Last year, Airbnb generated 83% of its revenue from North America and EMEA (Europe, Middle East, and Africa). There is ample white space in Latin America and Asia, where it has been making a push. Further, the general growth of the travel industry should provide a tailwind to Airbnb, even in places where it is already solidly established. Airbnb's revenue in North America, its largest market, is still moving in the right direction.

So despite unfavorable regulatory developments in some places, Airbnb's global opportunities remain vast, especially as the company benefits from the network effect. As the number of hosts and activities increases on its platform, it becomes more attractive to potential customers, and vice versa. It added 1.2 million active listings last year. With Airbnb's expanding ecosystem and growth prospects, the company should deliver outsized returns over the long run.

Investors can buy 12 shares of the company with $2,000.

2. MercadoLibre

MercadoLibre is the leading e-commerce platform in Latin America -- akin to Amazon -- but it's much more than that, too. It offers services that cater to merchants' needs, from its payment platform to its shipping and logistics solutions.

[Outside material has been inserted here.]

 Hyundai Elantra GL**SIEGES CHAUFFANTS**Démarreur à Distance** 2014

The company's comprehensive package of services grants it high switching costs. That is, once customers come aboard, it would take a great effort for them to switch to a competitor. Meanwhile, its main e-commerce platform benefits from a "network effect" -- the more that users buy from it, the more sellers want to be on the platform too -- and vice versa.

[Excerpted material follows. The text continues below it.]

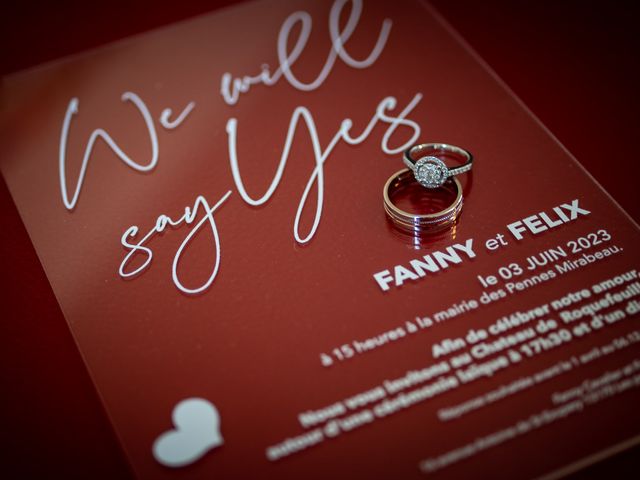 Le mariage de Félix et Fanny à Trets, Bouches-du-Rhône 1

That's to say nothing about the difficulty of building a logistics business that can handle shipping to multiple countries in Latin America -- an expensive proposition any company looking to knock MercadoLibre off its pedestal would have to surmount. It wouldn't be easy. Despite its rock-solid position in its market, MercadoLibre doesn't always manage to impress investors. The company's most recent quarterly update was a bit of a disappointment.

In MercadoLibre's 2023 fourth quarter, net revenue of $4.3 billion increased by 42% year over year, but the company's net income remained flat at $165 million. However, that was due to a one-time tax liability expense that won't affect MercadoLibre regularly. The e-commerce specialist showed many strengths, with several important metrics remaining northbound.

Active users jumped by 49.5% to 145 million, gross merchandise volume was up almost 40% to $13.5 billion, and total payment volume landed at $56.5 billion, 57.2% higher than the fourth quarter of 2022. MercadoLibre hardly deserved its post-earnings dip, at least for investors who are focused on the long game. The e-commerce industry is projected to continue growing substantially, including in Latin America, which has one of the fastest-growing markets in the world.

No company is in a better position to benefit. In five years, MercadoLibre's recent sell-off will likely be just a blip on a chart. Investors shouldn't miss this opportunity to get in on the company, even at about $1,530 per share.